Mike Carney - Analyst
And timing, does that depend on the valuations right now? Obviously you have a little less cash than you did a year ago. Or does it just depend on -- or are you waiting a little bit of time like you have historically between acquisitions to be able to focus?
Steve Cooper - CEO
That's kind of a mixed bag that answer that question. Quite honestly in the light industrial, the Spartan name we were -- we stuck a toe in the water with the nine-branch operation down in Florida. We grew it to 30. We liked the results. We can see that we know how to run that business now. It works well strategy-wise. Within -- against -- up against our LaborReady branches we didn't want to be cannibalizing our LaborReady operations.
With that test behind us, now it is all about, do we have the control systems and ability to manage and control this business? We are getting a lot more comfortable with that answer.
Without that answer, we were looking for a little bit larger platform to possibly buy and pricing was too high for a larger platform. We are very comfortable now that buying a business the size of Skilled Services in the light industrial arena, we can tuck that in to our current management team, our current control systems and so we've cleaned up a lot of the reasons we haven't been aggressive.
We are not a real aggressive acquisition integration team. We are cautious. We don't want to make a mistake there. We have a lot of good going for the investors in our own core business. As Derrek mentioned and I've mentioned here growing same-store sales is our No. 1 focus. We are not losing track of that. Our on demand team is very marching to the same tune on same-store sales; and with these additional sales development efforts that's our No. 1 priority and will continue to be.
Opening in new geographies for both Spartan and CLP is our No. 2. And then as opportunities arise, and we are searching -- we are not just sitting here waiting for the phone to ring -- We will do some more tuck into those three platforms. LaborReady, Spartan and CLP and I think all in it's going to be a great strategy.
One thing you can't see that they all have in common is they're blue-collar staffing companies and we are not reaching out beyond blue-collar industrial commercial type staffing. We are going to stay focused on that. We know how to control the risks. There is not another publicly held company that is making an aggressive run in this area and we think we believe that we are ready.

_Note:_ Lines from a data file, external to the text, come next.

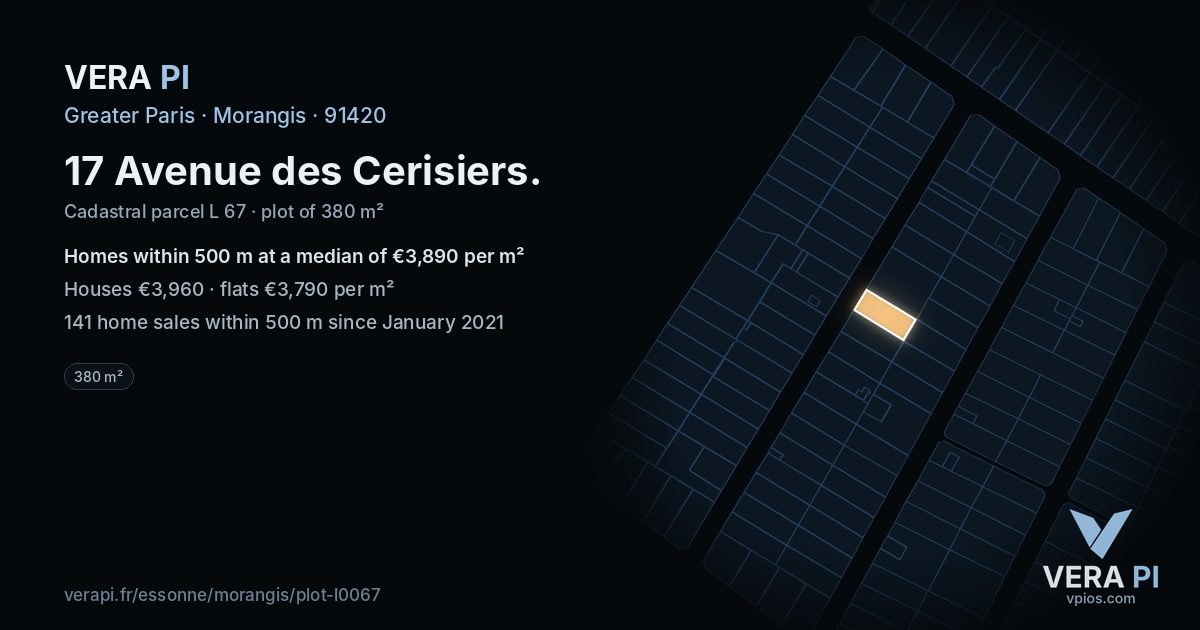 17 Avenue des Cerisiers, Morangis at night – the plot lit, the parcels around coloured by the prices near them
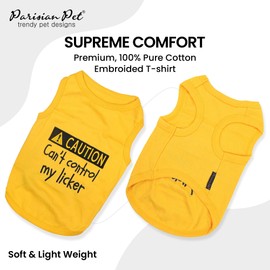Parisian Pet Dog T-Shirt - Embroidered ' Caution Can’t Control My Licker ' Dog Tee Shirt - 100% Cotton, Dog Clothes - Sleeveless Pet Vest - Yellow Dog Shirts for Small Dogs - S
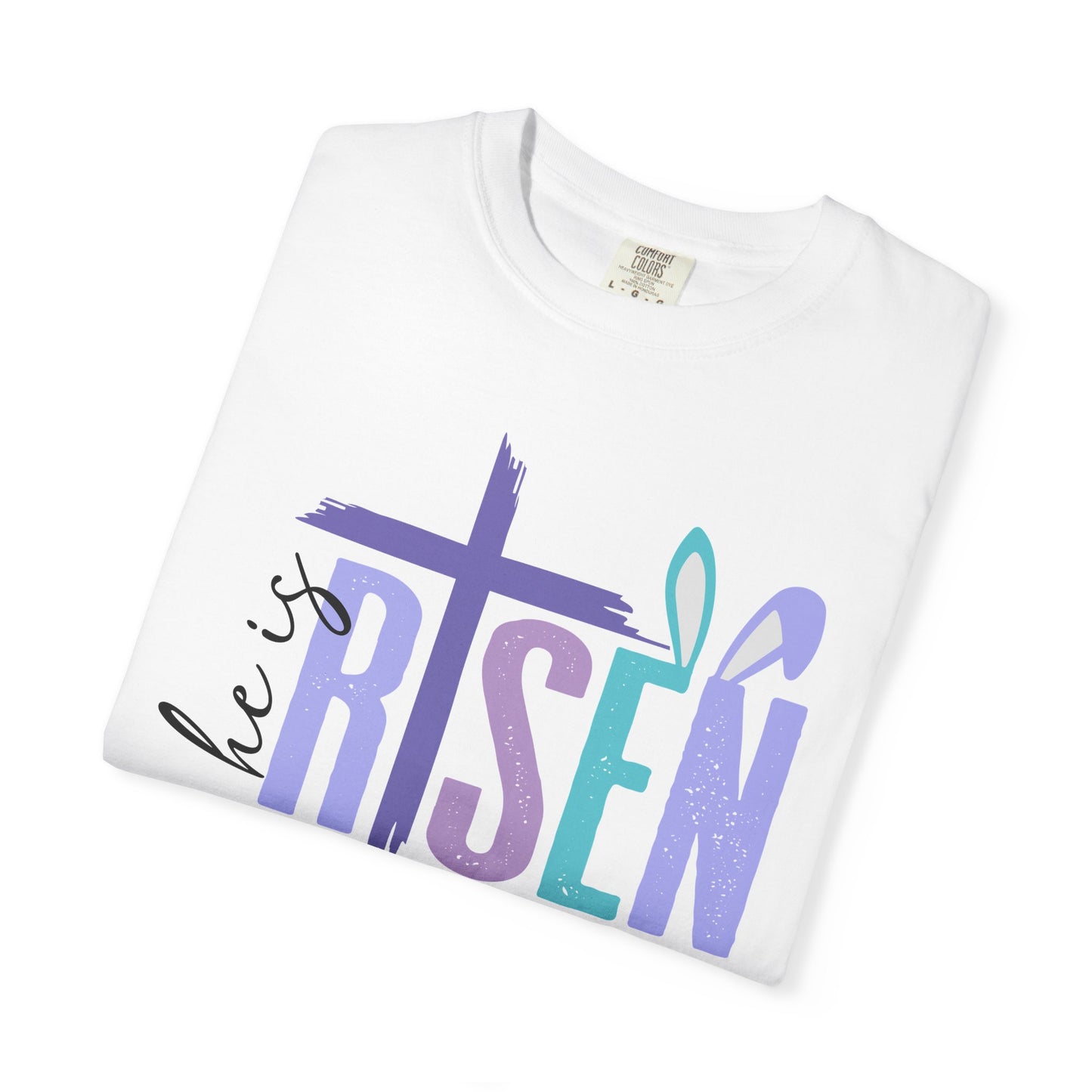 He is Risen Unisex Jersey Short Sleeve Tee - Easter Faith Shirt
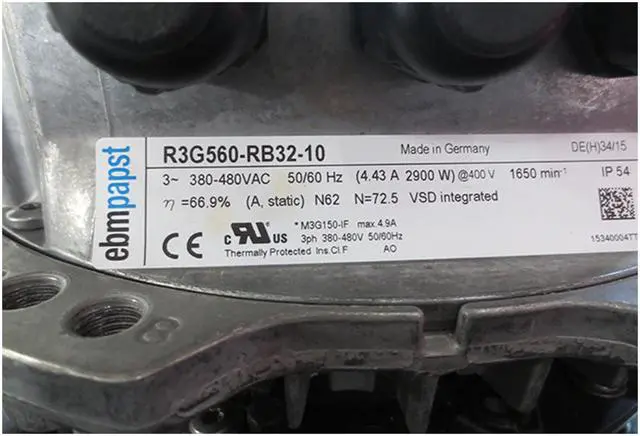 Main image of R3G560-RB32-10 Germany ebmpapst centrifugal fan 400v 4.43A 1650rpm 2900W room clean air fan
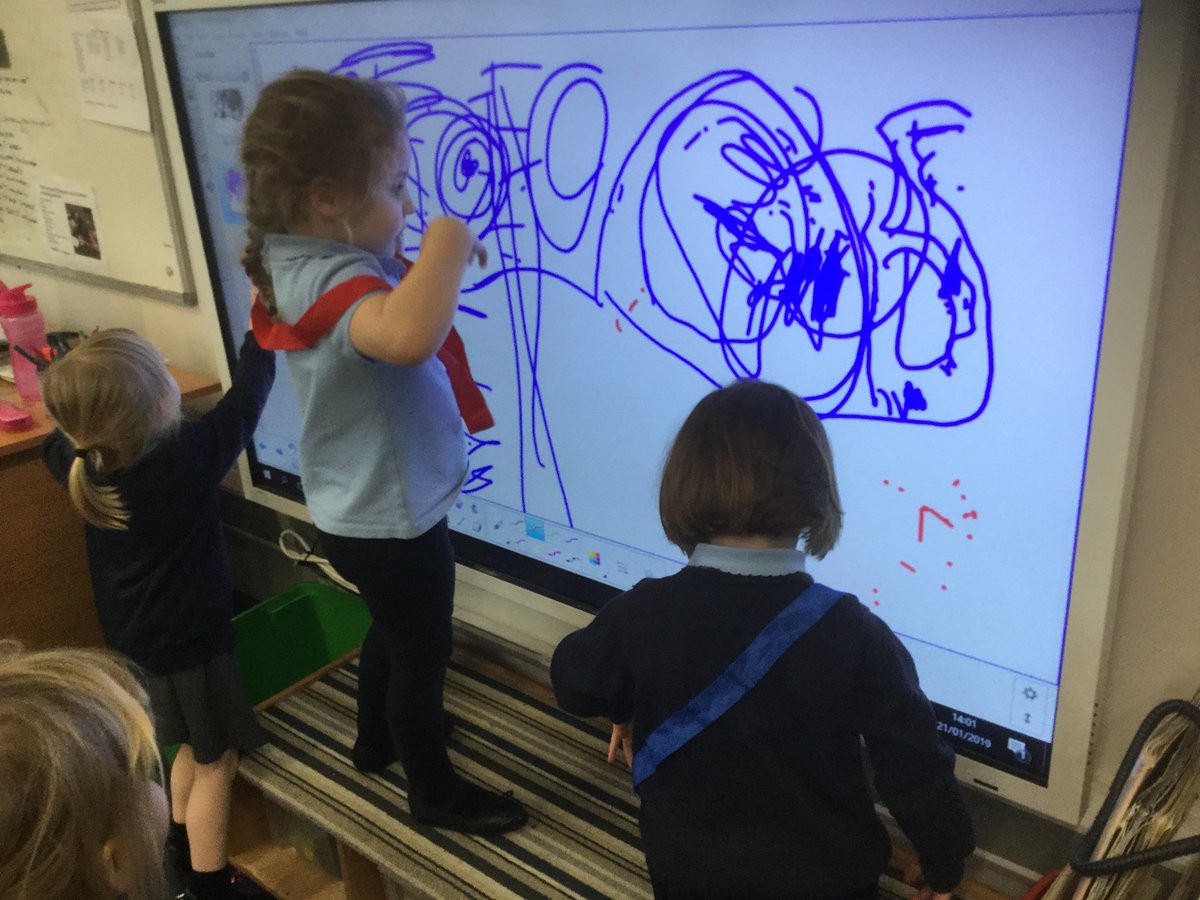 AHPSoldaccount's tweet photo. This afternoon we have been really interested in making marks on smartboard notebook. We clicked on and selected icons and solved problems when the board didn't work #earlytechnology #makingrelationshipsteamwork https://t.co/9u3wb1dGRg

We have the right management team to do so. The right systems? And as far as capital goes that part of your question no. We have not returned too much capital to shareholders. We still have $93 million. We believe we could return that $93 million and do acquisitions at the rate where we believe we can integrate them with our current capital structure. I think we're right were we want it to be.
Mike Carney - Analyst
Thanks a lot. Good job.
Operator
At this time I'd like to pass the call back over to management for closing remarks.
Steve Cooper - CEO
Thank you. We appreciate you being with us today and going through the results of the second quarter and our outlook for the rest of the year and sticking with us through the Q&A. We look forward to talking to you and updating you further next quarter.
Operator
Ladies and gentlemen, thank you for participating in today's conference. This presentation has now concluded and you may now disconnect. Good day.